Saturday 28 March 2020
We got underway as usual at about 0740 in light air for a
64-mile day to Charleston. Rather than
eat breakfast, somedays we just get “on the road” serving breakfast at the
capacious dinette booth in the pilothouse.
The weather was mild for the first couple of hours, but turned a bit
muggy in the 80s later on; so we had the generator running all day with air
conditioning in the pilothouse – luxury.
I never had that in the Navy! Also
as usual, there were a few times the water was so skinny under us you could
have read the Lord’s Prayer through it.
At one particular intersection for which I had an alternate route around
a shoal in the middle of the waterway, we slowed way down to “feel” our way
through because following this alternate plan called for going outside the
buoyed channel. When the water under us
ran down to 1.6 feet, I chickened out and decided to try something else. Luckily another shallower draft boat came up
to the other end of this short passage, and I told him on the radio that we
would let him come through first. He
took the buoyed channel and reported it was ok for depth. Another win for us. As we passed outlying districts of the
Charleston area, we began to see more and more speedboats. I finally stopped looking aft to see if
anybody was coming by because there was ALWAYS somebody racing by with a
boatload of people in close proximity to each other ignoring any warnings about
corona virus. I guess they all figure it
won’t hit me or someone I love or I am young and it won’t harm me. Some places have shut down boat ramps to shut
off one more place people can gather, but South Carolina has not, yet. By the time we got to Isle of Palms and the
last few miles of the AICW before Charleston Harbor, the water was one giant
mass of boats going with us or coming at us.

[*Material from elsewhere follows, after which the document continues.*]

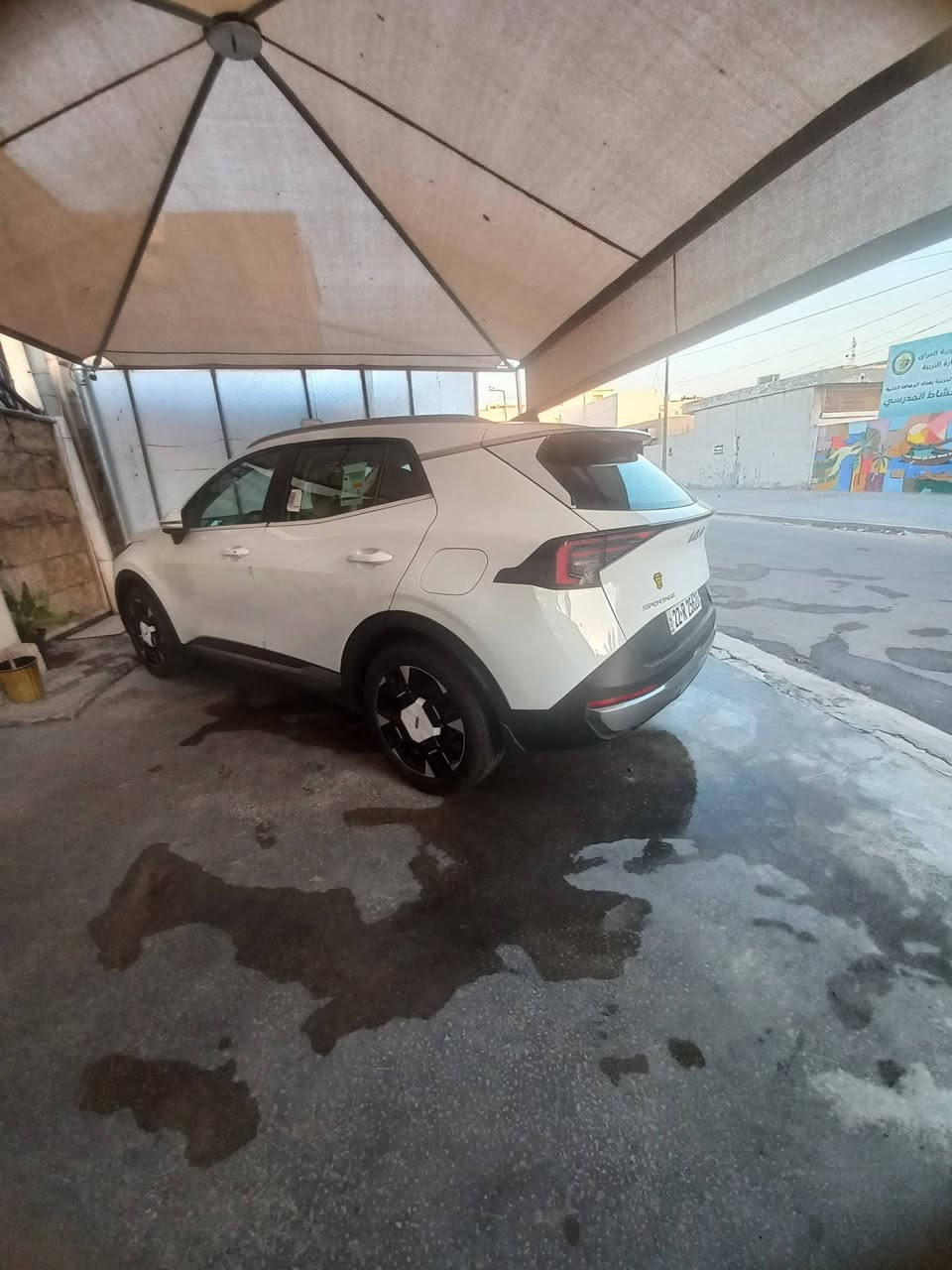 كيا سبورتج ٢٠٢٦ رقم أربيل وسنويه ب اسمي زيرو قماره حديد فول مواصفات كشنات تدفئه فقط السعر ٣٧مليون و ٥٠٠الف عراقي وبيها مجال بسيط                  العنوان بغداد زيونه                  للااتصال ع رقم ***********
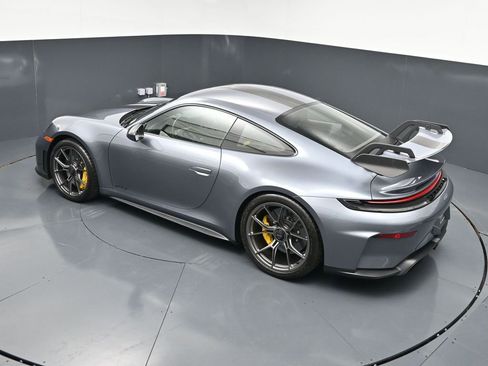 Certified 2026 Porsche 911 GT3 w/ Weissach Package RWD image 14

Being the biggest vessel out there, we really had no issues as everybody
pretty much avoided us as we moved along at about the same speed as the ones
going with us in the “no wake” zone we were in.
Due to the hydrodynamics of hull, the smaller boats actually made more
wake then we did at 6-7 MPH. We finally
popped out into sloppy Charleston Harbor where the 20-MPH southeast wind which
had been slowing us up all day created a side chop through which we waddled on
our northerly course of several miles to Charleston Harbor Marina where we
moored port side to a tee head at 1715.
Now until the wind dies off, we wobble at the pier. Tomorrow will most likely end with us
anchored south of here in the marshes. I
am hoping for the coastal winds and seas to subside enough for u to go offshore
and shot straight down toward Florida.